*Work item:*
From the material below, return exactly the lines starting at the one that holds "Denzel Washington (Troy" and ending at the one that holds "Building Photo - Stunning". Pictures stay out of the answer.

*Information supplied:*
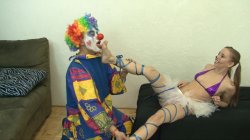 Captura de 'Sweaty Clown Porn With Armpit Worship, Ass Worship, Foot Worship and Fucking' nº 69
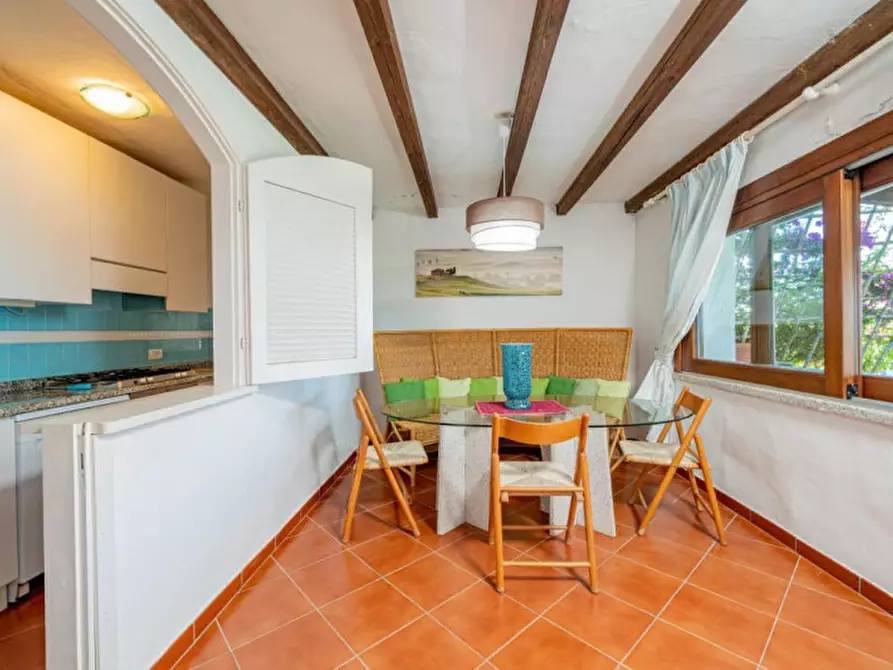 Immagine 7 di Appartamento in vendita  in via del ginepro a Golfo Aranci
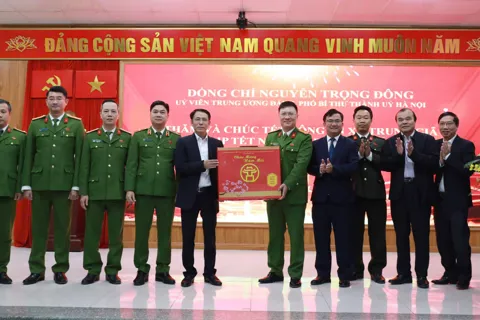 Phó Bí thư Thành uỷ Hà Nội Nguyễn Trọng Đông thăm, chúc Tết cán bộ, chiến sĩ Công an hai xã Trung Giã và Đa Phúc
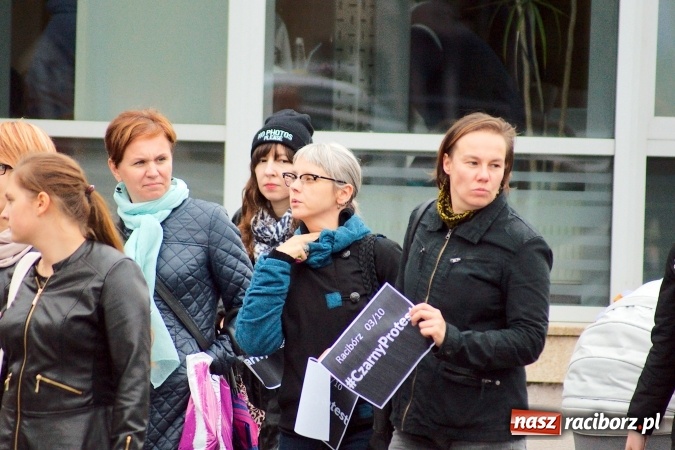 Zdjęcie w galerii na portalu naszraciborz.pl: Czarny poniedziałek - przeciwnicy ustawy antyaborcyjnej zebrali się na raciborskim rynku wiadomości z regionu
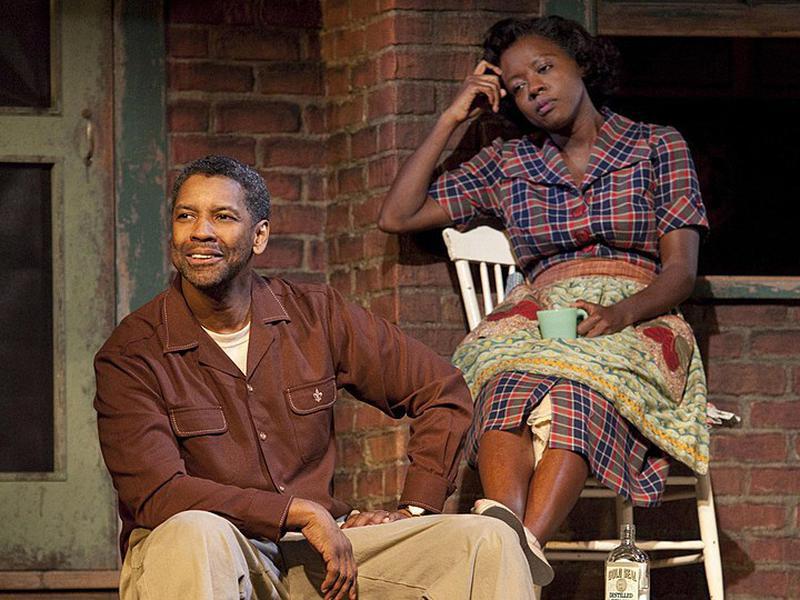 Denzel Washington (Troy Maxson) si Viola Davis (Rose), în piesa „Fences” (Broadway)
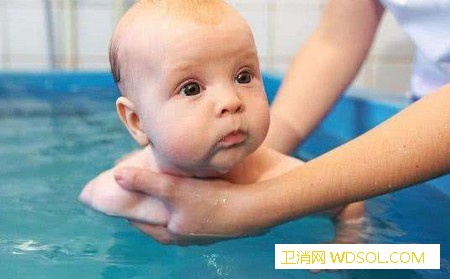 让宝宝坚持游泳好不好_免疫力-婴儿-游泳-家长-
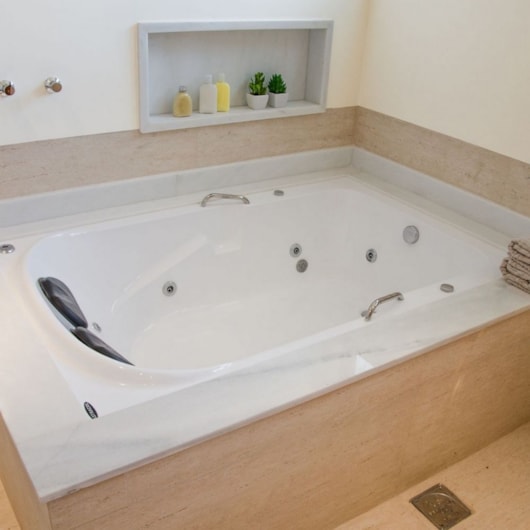 Banheira Acrílica Double Capri Super Luxo Astra 170x110x43cm - Imagem principal - 2231f5fc-188d-4acc-a7d1-8f4e1b30f70f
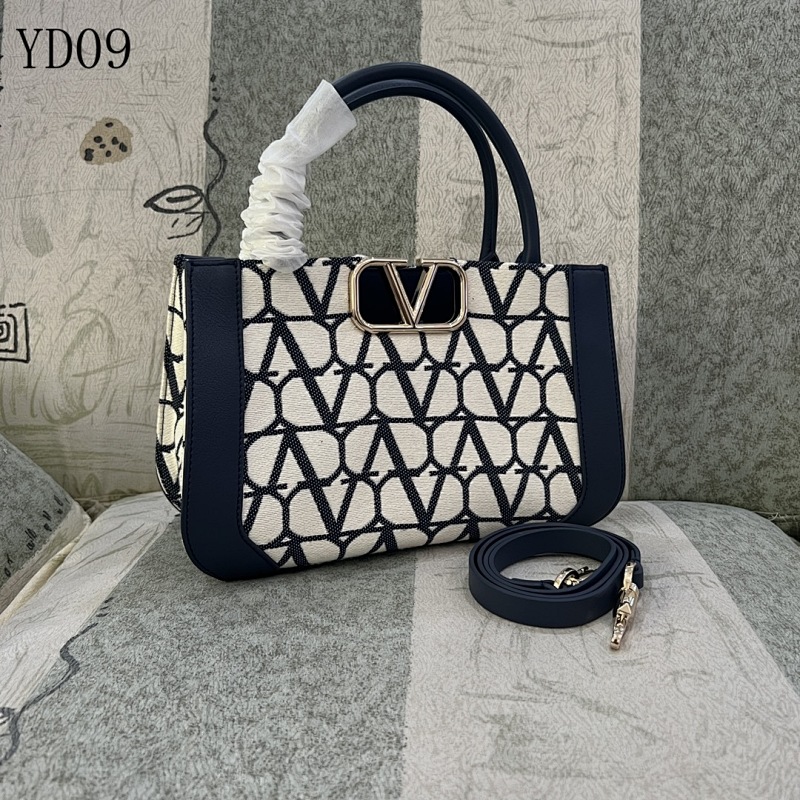 Valentiino YD0972 GARAVANI VLOGO Signature Small Handbag
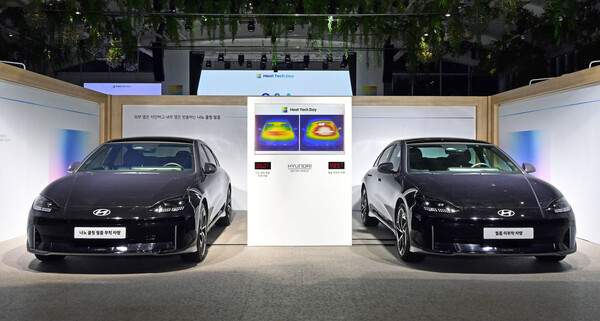 나노 쿨링 필름을 부착한 차량과 부착하지 않은 차량의 실내 온도 비교 [현대자동차·기아 제공=뉴스퀘스트]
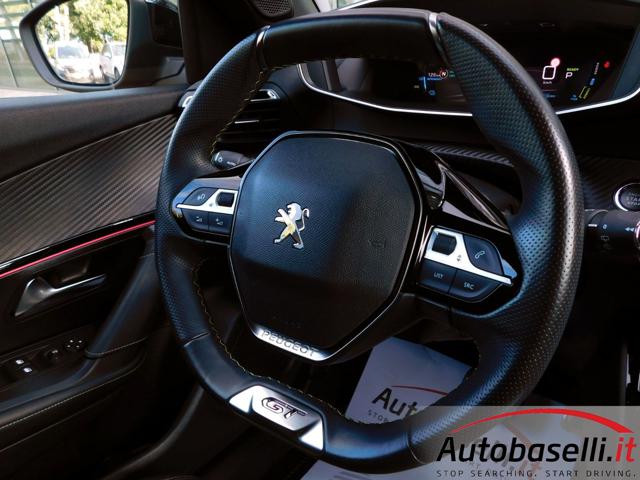 PEUGEOT 2008 usata, con Sensori di parcheggio anteriori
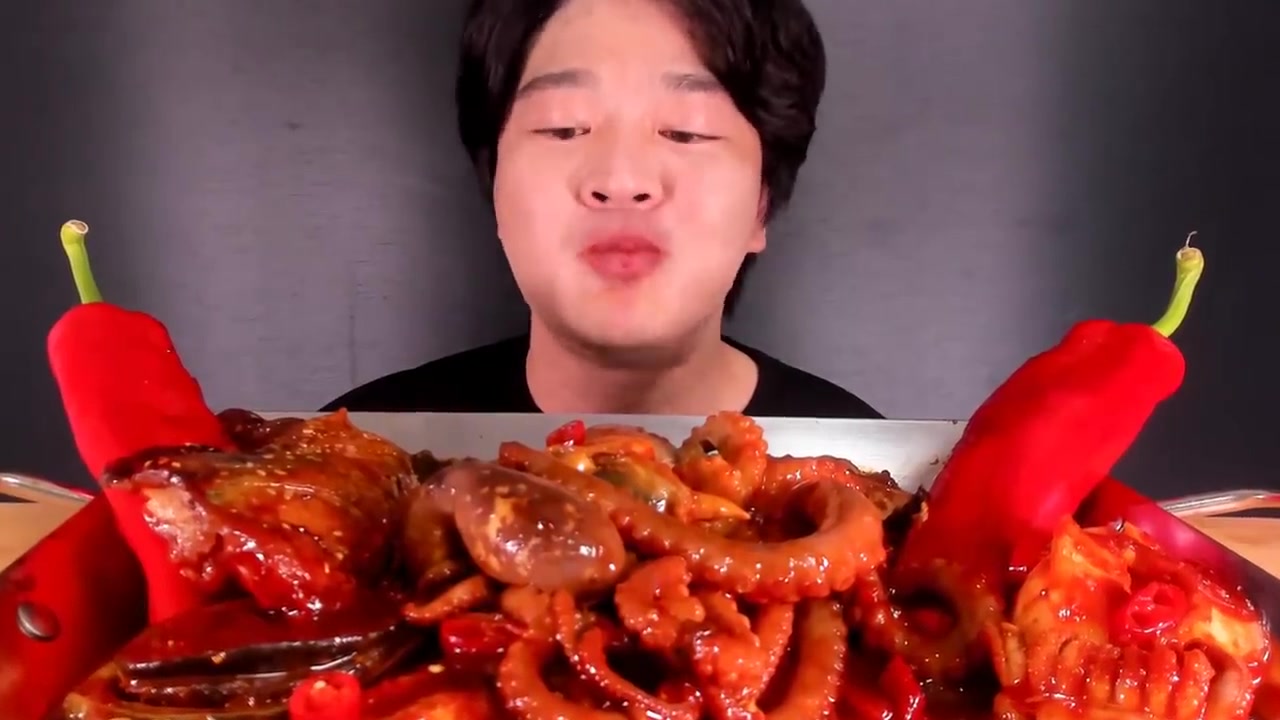 超级大胃王吃超级海鲜!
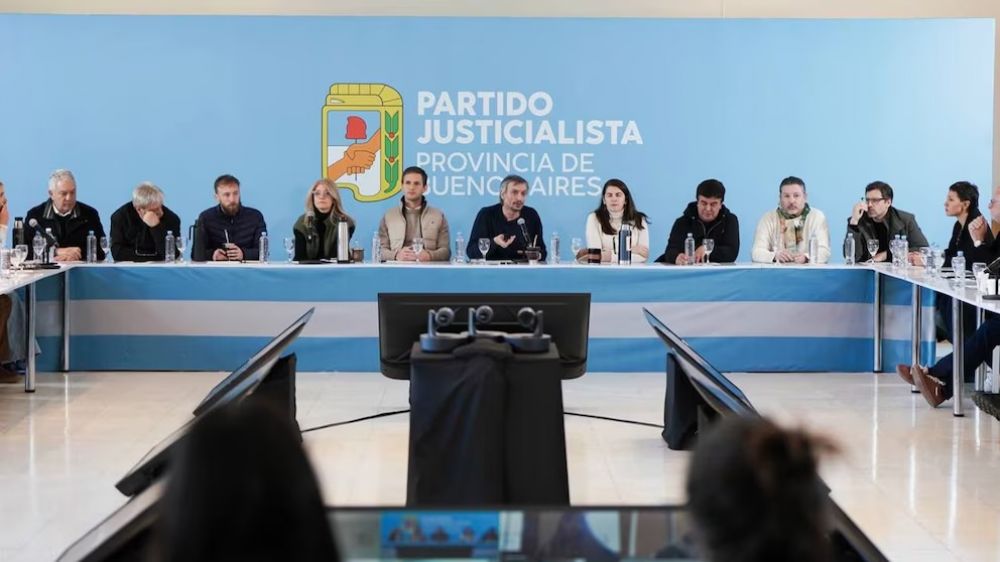 Entre nuevas disputas y pases de facturas, comenz� una semana clave para el futuro del PJ Bonaerense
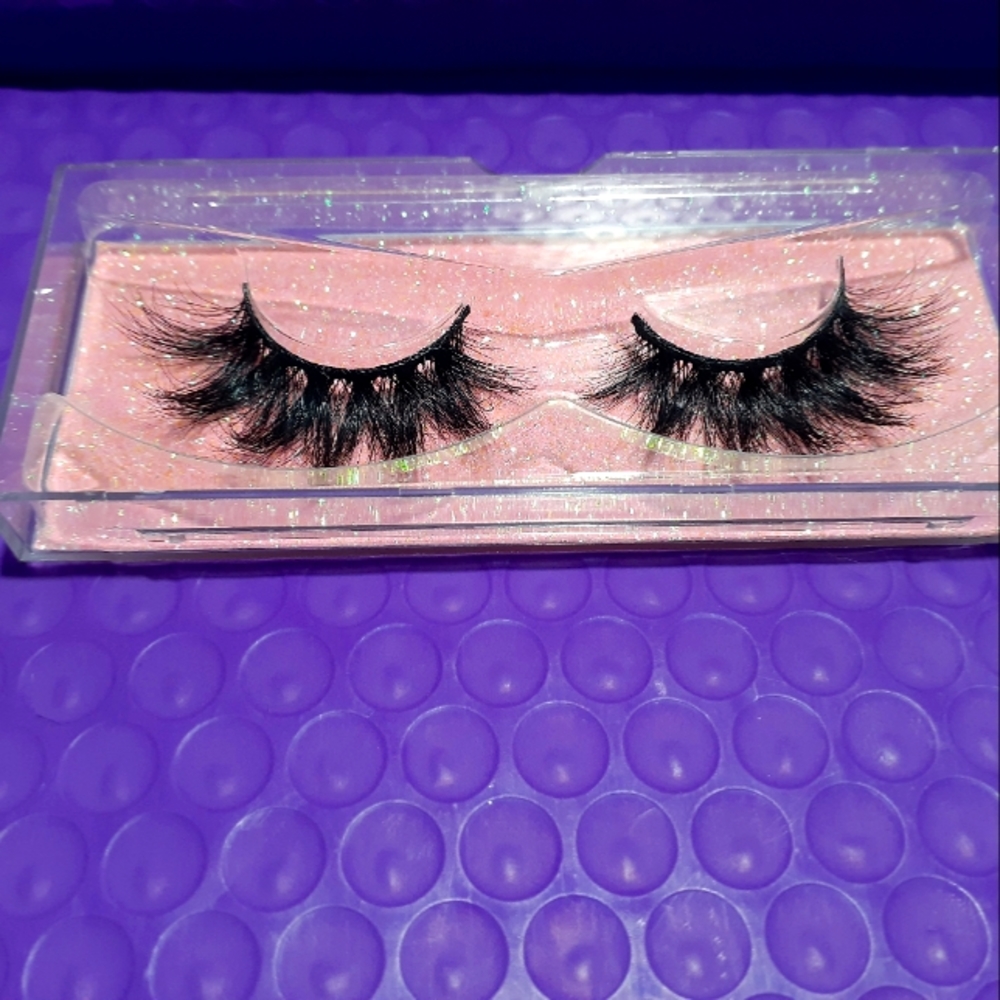 Lashes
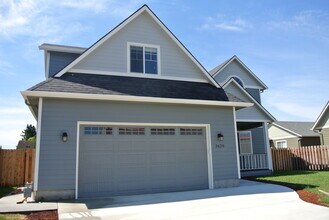 Building Photo - Stunning 5 Bed / 3.5 Bath Executive Home with Two Primary Suites!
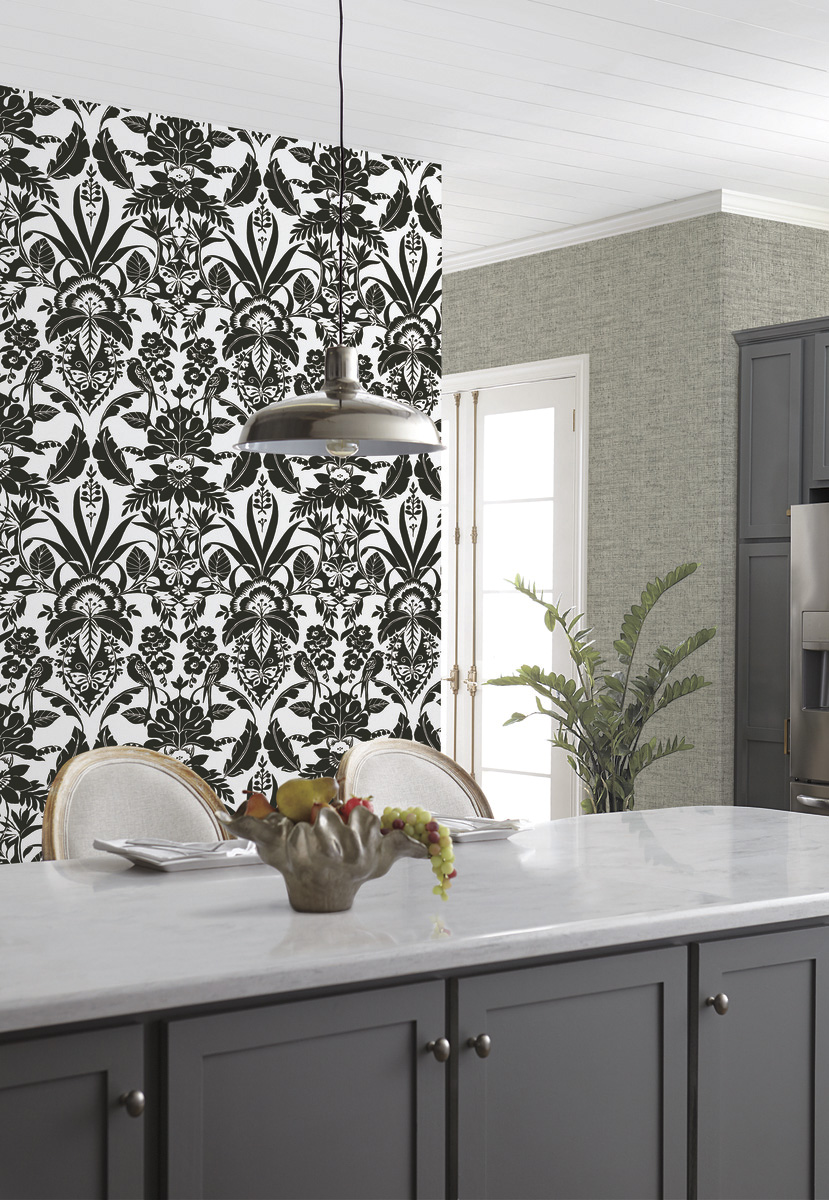 Обои York Conservatory Botanical Damask CY1585 фото в интерьере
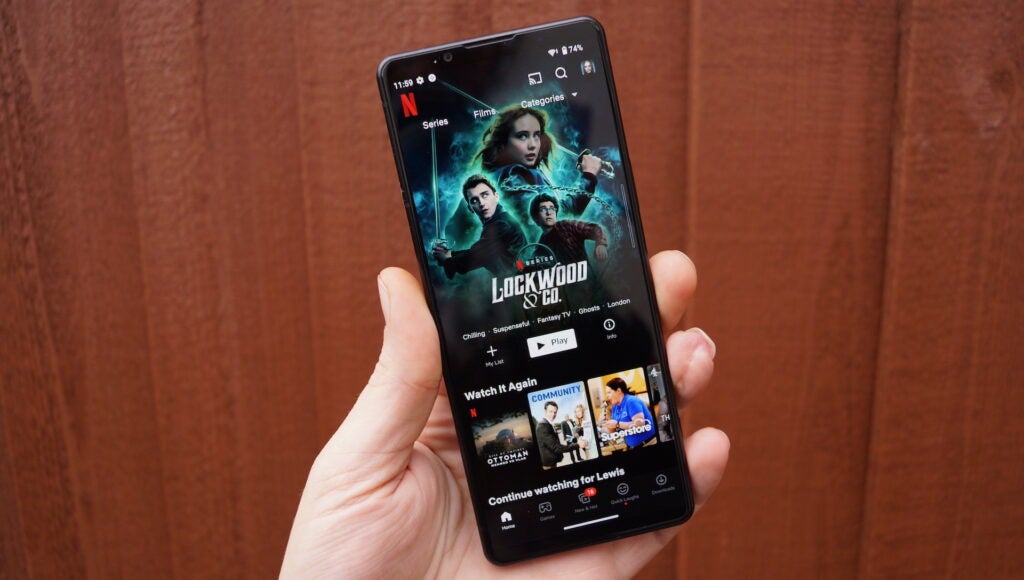 El teléfono Sony en la pantalla de inicio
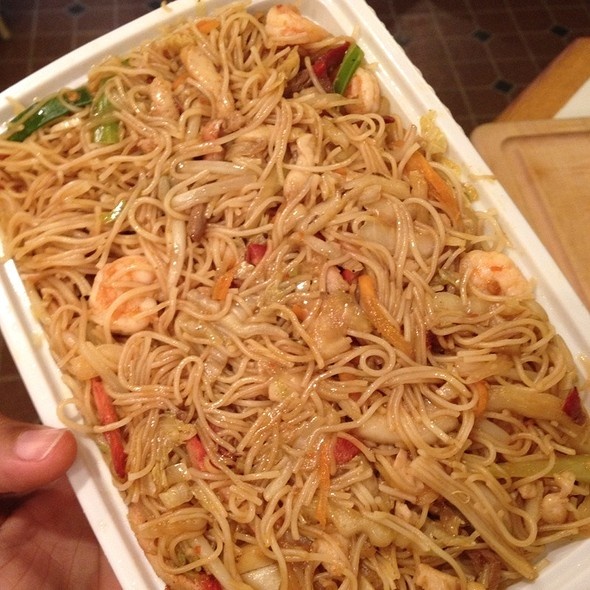 Order C9. Singapore Chow Mein Fun food online from China Bowl store, Elk Grove Village on bringmethat.com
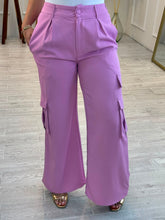 Cargar imagen en el visor de la galería, HELEN - Pantalon rosa tipo cargo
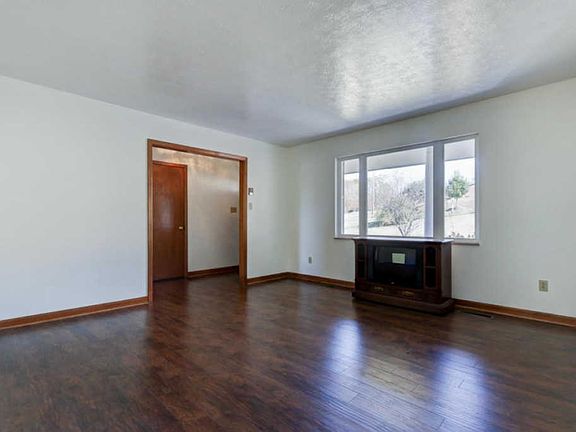 5th image of 2101 Boden Ln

*Written response:*
 Denzel Washington (Troy Maxson) si Viola Davis (Rose), în piesa „Fences” (Broadway)
 让宝宝坚持游泳好不好_免疫力-婴儿-游泳-家长-
 Banheira Acrílica Double Capri Super Luxo Astra 170x110x43cm - Imagem principal - 2231f5fc-188d-4acc-a7d1-8f4e1b30f70f
 Valentiino YD0972 GARAVANI VLOGO Signature Small Handbag
 나노 쿨링 필름을 부착한 차량과 부착하지 않은 차량의 실내 온도 비교 [현대자동차·기아 제공=뉴스퀘스트]
 PEUGEOT 2008 usata, con Sensori di parcheggio anteriori
 超级大胃王吃超级海鲜!
 Entre nuevas disputas y pases de facturas, comenz� una semana clave para el futuro del PJ Bonaerense
 Lashes
 Building Photo - Stunning 5 Bed / 3.5 Bath Executive Home with Two Primary Suites!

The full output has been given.